A special case of bi-symmetric chords are plain-symmetric chords of equal intervals (see the YC Wiki article Isocord Theory).


Palindrome Building

A palindrome harmony can be built either by transformation of isocords or by rules of thumb such as discussed by YC member DAI (see his respective post).

All in all, this results in another piano hands-on rule: Construct an arbitrary interval structure as your prime form. Then attach its retrograde, in between an axis of symmetry. For an even number of intervals, this axis is empty, otherwise it is any interval (including 0, which would be a prime, to be played by different instruments).

There is no restriction to include intervals which are bigger than an octave; however, their usability might be restricted when working with even bigger intervals (cp. the graphic of isocord harmony in the Isocord Theory article).


Operations with Palindrome Harmonies

(1) Transposition of Palindromes: Transpose all notes of a palindrome chord by an equal interval up or down.

Example:

  • C#:1-2-3-2-1 –> F#:1-2-3-2-1 (= a p-4th up or a p-5th down)


(2) Inversion of Palindromes: While retaining the tones of a palindrome harmony, replace each interval by its complement interval.

Examples:

  • i) 1-2-3-2-1 –> 11-10-9-10-11 (e.g. B-C-D-F-G-Ab –> Ab-G-F-D-C-B)
  • ii) 2-3-2-3-2 –> 10-9-10-9-10 (e.g. C-D-F-G-Bb-C –> C-Bb-G-F-D-C)
  • iii) 2-4-4-2 –> 10-8-8-10 (e.g. Ab-Bb-D-F#-G# –> G#-F#-D-Bb-Ab)

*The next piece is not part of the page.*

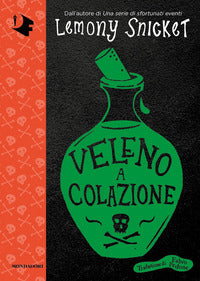 Veleno a colazione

Palindrome Inversions I II.png


(3) Transformation of Palindromes: While retaining its tones, reorder a palindrome harmony into a new bi-symmetric series of intervals. Where applicable, tone doubling and octave-stretching of intervals is acceptable.

Examples:

  • i) C:2-3-2 –> C:5-9-5, D:5-5-5, D:10-7-10, F:2-5-2, F:7-7-7, G:7-3-7, G:10-9-10
  • ii) C:5-2-5 –> C:7-10-7, F:7-0-7, F:7-12-7, G:5-0-5, G:5-12-5
  • iii) Ab:2-4-4-2 –> F#:2-6-6-2, F#:14-6-0-6-14, Bb:4-6-6-4, Bb:10-6-0-6-10, Ab:2-4-12-4-2, Ab:2-4-6-6-4-2


Palindrome Transformation III-1.png Palindrome Transformation III-2.png


Re-Transformation

Any palindrome harmony can be traced back to an isocord by re-transformation – reordering its tones in such a way that an isocord becomes visible, even with holes, which could be filled in with the missing tones.

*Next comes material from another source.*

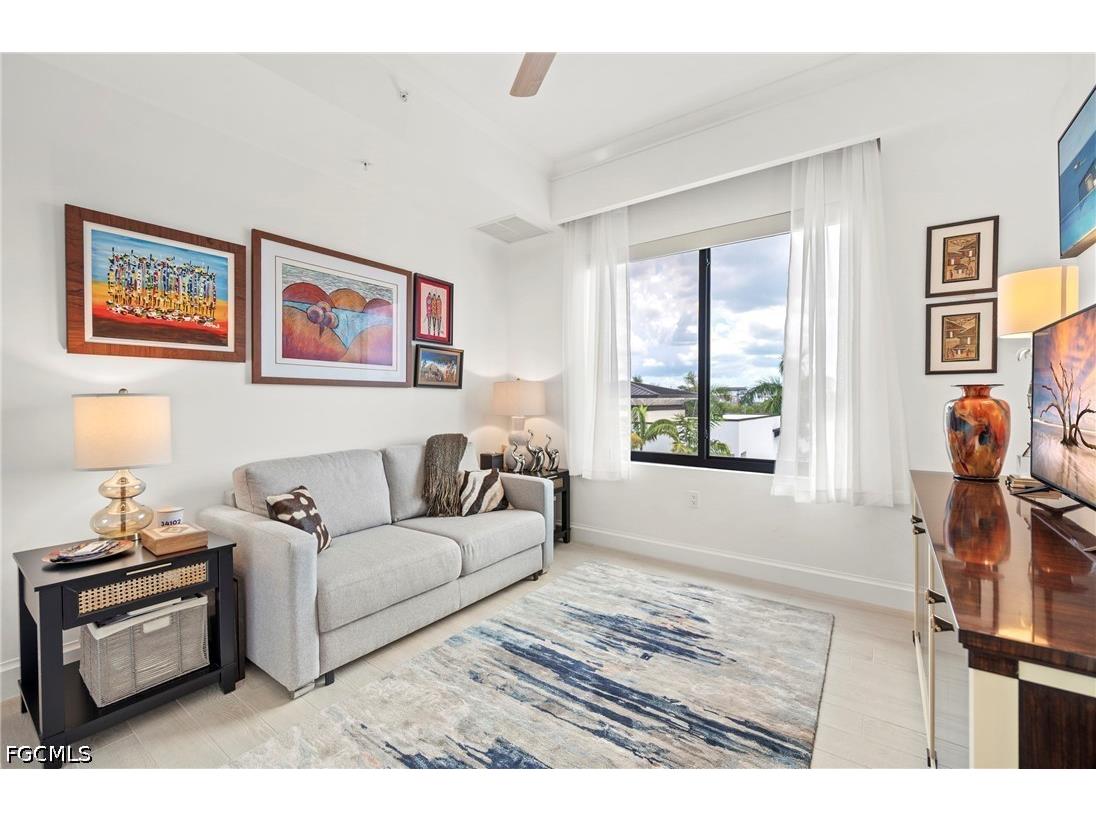 1111 Central Avenue #403 Naples FL 34102 2026029158 image14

Examples (all the items from above):

  • i) 1-2-3-2-1 –> 1-[1]-1-[1-1]-1-[1]-1-1 (e.g. the chromatic scale of 10 tones)
  • ii) 2-3-2 –> 5-5-5 (e.g. C-D-F-G –> D-G-C-F quartal isocord)
  • iii) 3-4-3 –> 5-10-5 –> 5-[5-5]-5 (e.g. D-F-A-C –> A-D-[G]-C-F quartal isocord)
  • iv) 5-2-5 –> 5-[0]-5 (e.g. C-F-G-C –> G-C-[C]-F quartal isocord)
  • v) 2-3-2-3-2 –> quartal isocord
  • vi) 2-4-4-2 –> whole-tone isocord


(4) Transition of Palindromes: To proceed from a palindrome harmony to any non-symmetric chord – or optionally to another symmetric chord –, apply the minimal tone-steps rule.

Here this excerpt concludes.